JACKSONVILLE, Fla. — Attorneys for a St. Johns County teen accused of stabbing his 13-year-old classmate to death filed four motions in the case this week. 

Aiden Fucci is charged with first-degree murder for allegedly stabbing Tristyn Bailey 114 times on the morning of Mother’s Day in 2021. He was 14 at the time.

RELATED: One year later: Remembering Tristyn Bailey

Fucci has pleaded not guilty, and his defense team filed several motions ahead of his scheduled November trial. The motions aim to prohibit prejudicial emotional outbursts in court, exclude court cameras during jury selection, and block jurors from seeing either Bailey’s autopsy photos or the original indictment.

1. Motion to prohibit prejudicial emotional outbursts This motion seeks to prevent emotional displays in front of the jury or courtroom spectators. If granted, this rule would apply to the family of the “decedent,” i.e. Tristyn Bailey’s relatives. It would also apply to other courtroom spectators. 

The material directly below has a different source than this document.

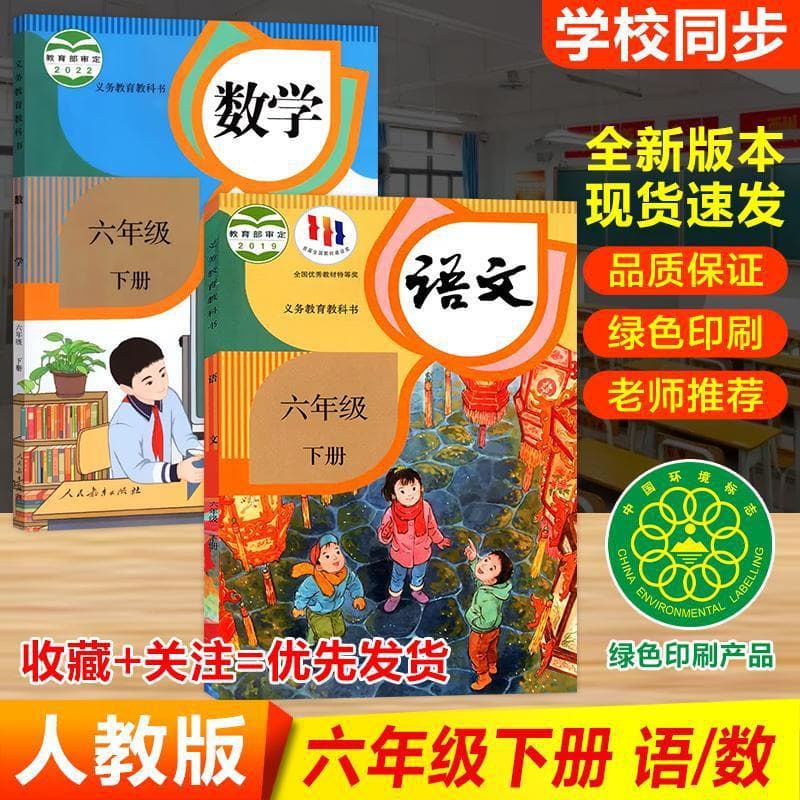 [Xinhua Bookstore] New Edition Grade 6 Primary School Chinese and Mathematics Textbooks (People's Education Press)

2. Motion to exclude video cameras from being present in the courtroom during jury selection This case has already been extensively covered and so far, cameras have been present during all of Fucci’s pre-trial hearings. According to the Rule of Florida Judicial Administration, “at least 1 portable television camera, operated by not more than 1 camera person, shall be permitted in any trial or appellate court proceeding.” This rule includes jury selection. The defense motion claims cameras might prevent jurors from openly expressing their biases or prejudices. If recording is allowed, the motion seeks to block livestreaming. Local media outlets plan to challenge this motion. Finally, the motion seeks to have jurors identified by numbers, not names, to ensure anonymity, something that is already standard in most high-profile trials. 

3. Motion in Limine — autopsy or other defined photographs Laypeople can substitute the words “to limit” when they see the phrase “in Limine.” Basically, the defense argues autopsy photos should be excluded on the grounds that that they are unnecessary, inflammatory and prejudicial. 

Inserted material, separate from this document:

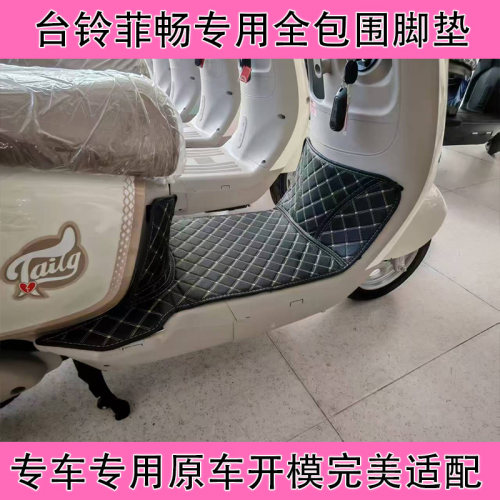 台铃菲畅电动车全包围脚垫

4. Motion to preclude submission of the indictment to the jury The final motion asks that the indictment not be read from or referenced in front of jurors. Fucci’s defense team argues that the indictment could lead the jury to “prejudge” him, impeding a fair and impartial trial. The motion says that an indictment is not proof that a person committed a crime and is therefore irrelevant to the jury’s examination of evidence presented during the trial. 

Fucci’s trial is scheduled to begin in early November.